Les steppes de la strie flamboyante : Folie de Delirius, Falaise de Behem, lvl 40-50.
Marais de fer : Grotte du Crystal du chaos, lvl 50-60.
Montée de Flambecoeur : Laboratoire de Vex, la carrière du cochon de fer. 

Le départ se fera a la citadelle noire. On choisira vu nos effectifs/horaires par où commencer. Ce que j'aimerais bien faire surtout c'est le laboratoire de Vex qui s'apparente plus à un mini donjon très sympa. 
Voilà, Z'en pensez quoi?

----------


## Narquois

Banco! et merci d'avance pour l'organisation!  :;): 

Par contre jeudi, il me semble qu'il y a la soirée Christophe Colomb pour les noobs du WvWvW (comme moi  :^_^: ).

Qui a dit que les canards ne savaient pas sauter?  ::rolleyes::

----------


## Maderone

Bon bah changement de programme, y'a des gens chez moi samedi, donc à moins que vous voulez subir les chants/rires d'une dizaine de personne défoncé au beaujolais, soit on fait jeudi, soit on report ça à dimanche. En ce qui concerne le trucs de Christophe colomb, il m'a pas semblé avoir vu un event jeudi, si quelqu'un peut confirmer?

----------


## Mr Slurp

Moi je suis partant pour jeudi soir... samedi je serai pas la.

----------


## Aog

> Voici la liste : 
> Plaines d'Ashford : Etendue de Flablegriffe, lvl 1-15.
> Plateau de Diessa : Saut de Grendich, La brèche du mur, Plateau pourpre, lvl 15-25.
> Champs de ruine : Mine stigmatisé, lvl 30-40.
> Les steppes de la strie flamboyante : Folie de Delirius, Falaise de Behem, lvl 40-50.
> Marais de fer : Grotte du Crystal du chaos, lvl 50-60.
> Montée de Flambecoeur : Laboratoire de Vex, la carrière du cochon de fer.


Ce programme m'intéresse grave !

Je suis chaud pour demain jeudi mais en fonction du boulot je ne serais peut-être pas disponible avant 20h.

Avec de la chance je pourrais peut-être être présent vers 17h-17h30 mais ça dépendra de ce qui me tombe dessus (aïe !)... ou pas.
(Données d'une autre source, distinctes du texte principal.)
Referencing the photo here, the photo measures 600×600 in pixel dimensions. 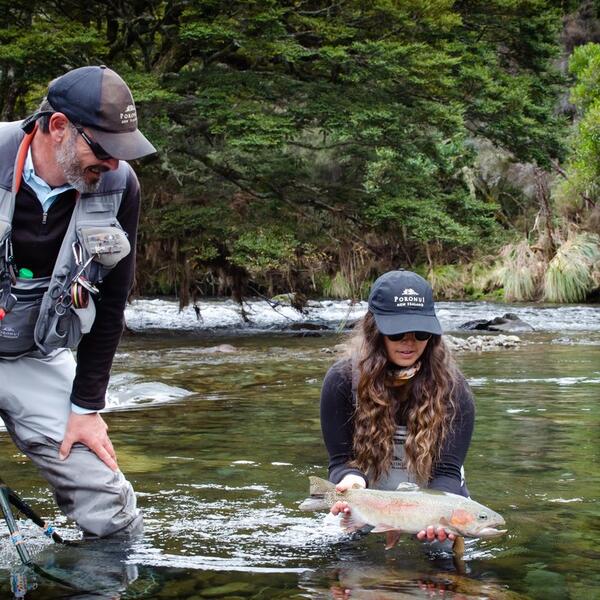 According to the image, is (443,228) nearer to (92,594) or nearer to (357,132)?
(357,132)

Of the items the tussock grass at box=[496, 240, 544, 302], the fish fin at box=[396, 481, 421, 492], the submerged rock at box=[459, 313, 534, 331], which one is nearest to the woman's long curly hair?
the fish fin at box=[396, 481, 421, 492]

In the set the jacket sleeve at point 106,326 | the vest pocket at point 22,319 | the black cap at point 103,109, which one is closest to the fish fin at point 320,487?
the jacket sleeve at point 106,326

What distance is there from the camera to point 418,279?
4.67m

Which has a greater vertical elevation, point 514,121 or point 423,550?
point 514,121

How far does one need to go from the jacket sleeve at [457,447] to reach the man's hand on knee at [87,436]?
1.40 metres

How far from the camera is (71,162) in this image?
3.86 metres

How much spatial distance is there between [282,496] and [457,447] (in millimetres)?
1652

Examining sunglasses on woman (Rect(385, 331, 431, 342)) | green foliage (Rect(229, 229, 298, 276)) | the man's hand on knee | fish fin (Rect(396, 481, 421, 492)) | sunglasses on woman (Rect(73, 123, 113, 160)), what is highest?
sunglasses on woman (Rect(73, 123, 113, 160))

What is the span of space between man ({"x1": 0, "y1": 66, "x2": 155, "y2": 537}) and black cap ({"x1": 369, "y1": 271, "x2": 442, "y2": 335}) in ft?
3.45

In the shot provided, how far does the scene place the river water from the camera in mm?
4316

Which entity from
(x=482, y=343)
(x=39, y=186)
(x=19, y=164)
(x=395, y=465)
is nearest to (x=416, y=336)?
(x=395, y=465)

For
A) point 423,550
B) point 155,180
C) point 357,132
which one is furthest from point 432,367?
point 155,180

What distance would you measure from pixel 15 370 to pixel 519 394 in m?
7.09

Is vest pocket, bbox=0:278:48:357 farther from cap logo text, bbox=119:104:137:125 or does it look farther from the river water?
the river water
*promet de tâcher de s'enfuir de son bureau en courant*  :tired:   ::O:   ::lol::

----------


## Guitou

Ce week-end il y a l'event du rivage perdu. J'dis ça, j'dis rien.  ::siffle:: 

Si c'est ce soir (17h ou 20h) et que j'arrive à terminer ma quête perso (enfin une partie parce que vers la fin ça dure et c'est dur) je viendrais squatter.  ::):

----------


## Maderone

Ouais allez, ça s'oriente sur ce soir en effet.

----------


## olih

Ce soir, sortie de l'extension ?  ::trollface:: .

----------


## Maderone

Du patch, Mister ! Du patch ! et seulement ça ! Après je sais pas quand il se fera...
Mais ptain, y'a tout pour me faire chier là

----------


## Forza Limouzi

Donc finalement c'est à quelle heure? ça pue encore le truc qui va se faire à l'arrache et que je vais manquer.  :tired:

----------


## Maderone

Bah ça à plus l'air de se faire vers 20h. Mais dites hein si ça convient pas à d'autres personnes, on peut essayer de s'arranger (en échanges de quelques faveurs)

----------


## Guitou

Disons 20h pour être sûr que tout le monde soit là (à commencer par Maderone  ::P: ).

----------


## Maderone

Soirée puzzle qui commence, NOW

----------


## Mr Slurp

On se marre bien  ::lol::

----------


## Maximelene

Venez me débourber !!!

----------


## Mr Slurp

Epic fail en série


---------- Post added at 22h09 ---------- Previous post was at 22h03 ----------

En tout cas ça permet d'explorer de jolis endroits.

----------


## kierian

Pas pu en être (à regrets), du coup, j'espère que vous avez trouvé un champion de la loose pour me remplacer !  ::trollface:: 
_(je vois pas de Norn sur les photos, mais y a du Charr, c'est pas mal aussi les Charrs...)_

----------


## Maximelene

> Pas pu en être (à regrets), du coup, j'espère que vous avez trouvé un champion de la loose pour me remplacer !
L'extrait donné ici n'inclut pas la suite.